I’ve never been one to think very far into the future. Retirement planning was such a tough concept for me. It’s forever away, why do I need to start planning now? And if you’ve been reading for a while, you know I am also the Crown Princess of Procrastination Nation.
A few weeks ago, a friend of mine posted on Facebook and said that volunteers were needed for this year’s South Shore Half Marathon, and people that volunteered would get free registration next year. I’m not sure why I even cared. I mean, I had friends that ran it last year, and it’s super close to my house, and runs through a gorgeous part of the burbs that I live in, but still. Aside from being a habitual non long term plan ahead-er, I haven’t run in… a while.
Like two years, give or take.
Still, I immediately texted my running/walking/brunching partner, Sara, and told her about my cockamamie plan, signed us up, and wondered how cold it was going to be on race day. (It wound up being high 50s/low 60s. Last year, it was in the 20s, so this was definitely better).
We signed up to work at the finish line. I had no idea what we’d be doing, but at least we didn’t have to be there until 8. I probably would have gone for race day registration, because sitting there doing paperwork is my speed, but it was a) bananas early and b) already full. So finish line it was!
It took us a few minutes to even find the finish line, because it’s tucked away on a side road, behind a cemetery, at the bottom of a hill, almost in the woods. Having not volunteered before, we were a little lost, but Sara and I are take charge, bossy types, so before long, we found our spot and got down to business.
We wound up unpacking, unrolling, and eventually, handing out medals. There were a LOT of them. Something like 2200. I had no idea that many people were running this thing.
We were actually around the corner from the actual finish line, but we could see it through the trees. There was music playing (omg, please stop with the cheerleader song, I cannot), and a generally festive atmosphere. We stood around for a bit, waiting for the first person to cross the finish line (1:15:13, woah) and then more people started to trickle in.
And then BOOM, it just sort of exploded for about an hour. With 7 people handing out medals, we could still barely keep up. But it was a good kind of crazy, you know?
Some people looked like they were just out for a leisurely stroll, some looked like they wanted to die. One guy proposed to his girlfriend as she finished (she said yes! check out the race’s FB page for pics. ) But they were all pretty happy to see us! (We were directly in front of the bananas, which may have been part of it).
I said ‘Congratulations’ and ‘Great job’ so many times. A lot of people thanked us for volunteering, which was cool. Things would slow down and speed up, but it did trickle down eventually, and then we heard someone say there were only a few more people left out there.
Leaving before everyone finished was in NO WAY an option.

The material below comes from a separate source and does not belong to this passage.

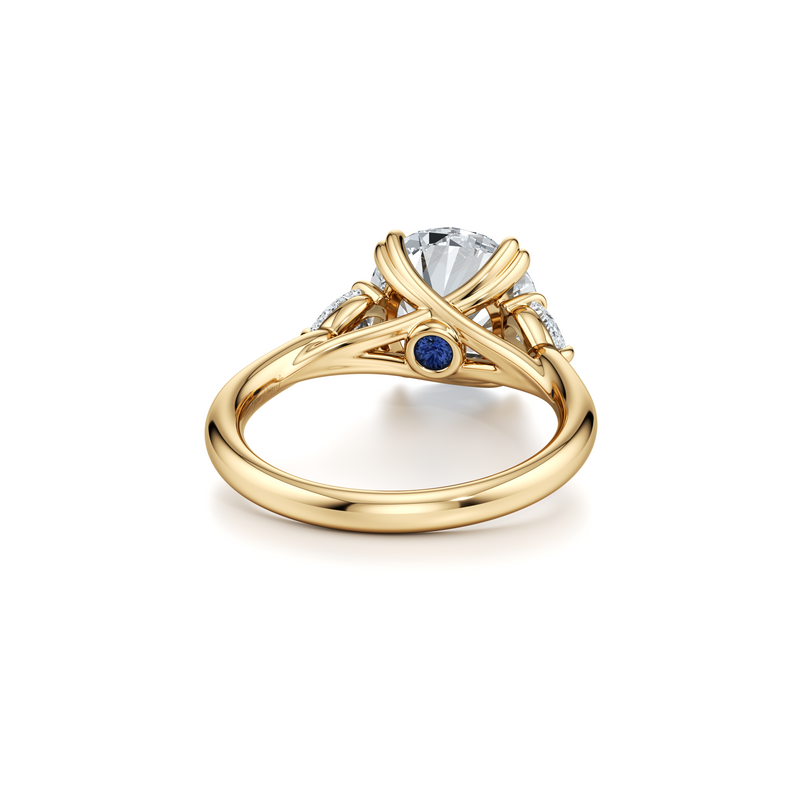 Elle Pear Three Stone Lab Diamond Engagement Ring image 8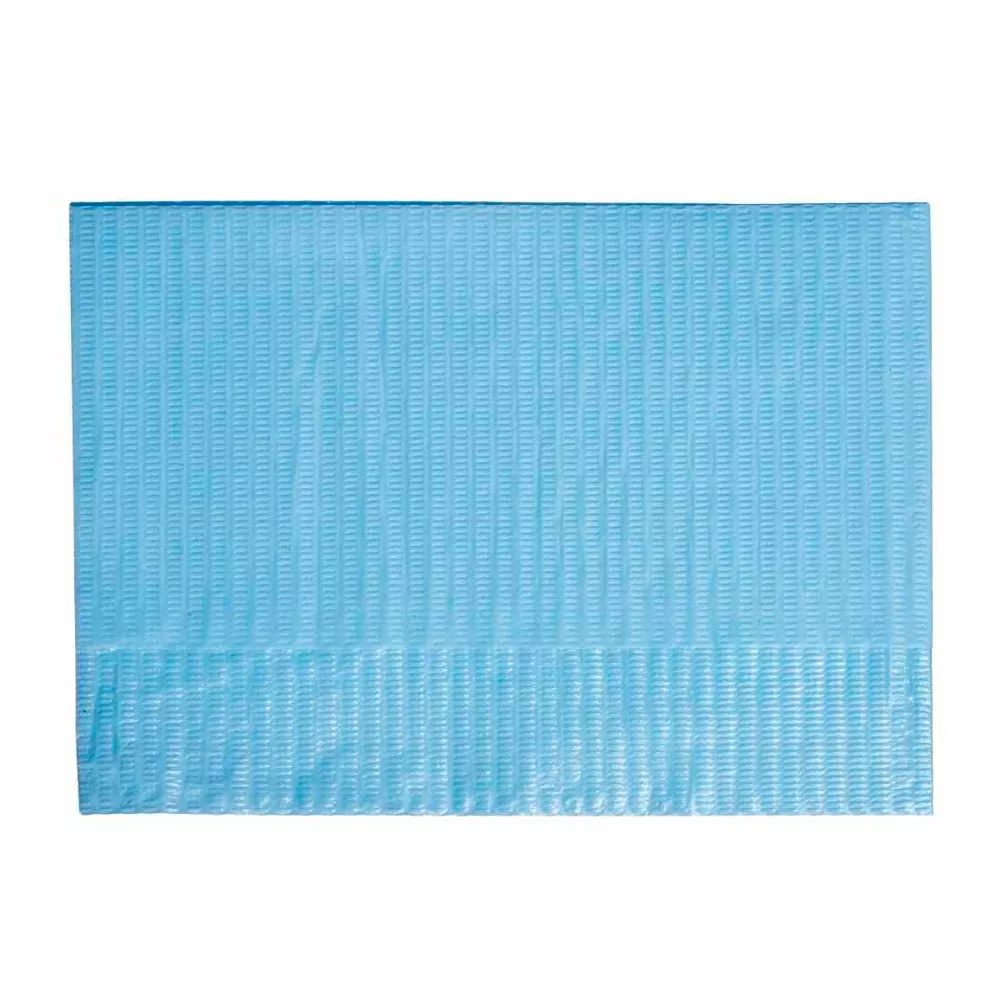 Салфетка-нагрудник «КРИСТИДЕНТ» Стандарт, размер 35*45см, 2-х слойные, бумага+полиэтилен, нестерильная, цвет голубой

If you finish a half marathon, even you’re the last one to finish… Hell, ESPECIALLY if you are the last one to finish, someone better be there to hand you a metal.
And we were.
All in all, it was a great experience. I feel so motivated, and inspired, by all the people that ran that race. And, that day reminded me of a few things that I needed to be reminded of.
- I saw so many people with this look on their face, this immense pride at having finished, this visible sense of accomplishment. I want that moment. And the medal that goes with it, tbh.
- Not everyone who runs half marathons looks the way you might expect people who run half marathons to look. I.e. I won’t be the only fat girl at the party.
- I can do this. I am capable of whatever I put my mind to, I just have to put my mind to it. I can. And I will. (borrowed from Mer)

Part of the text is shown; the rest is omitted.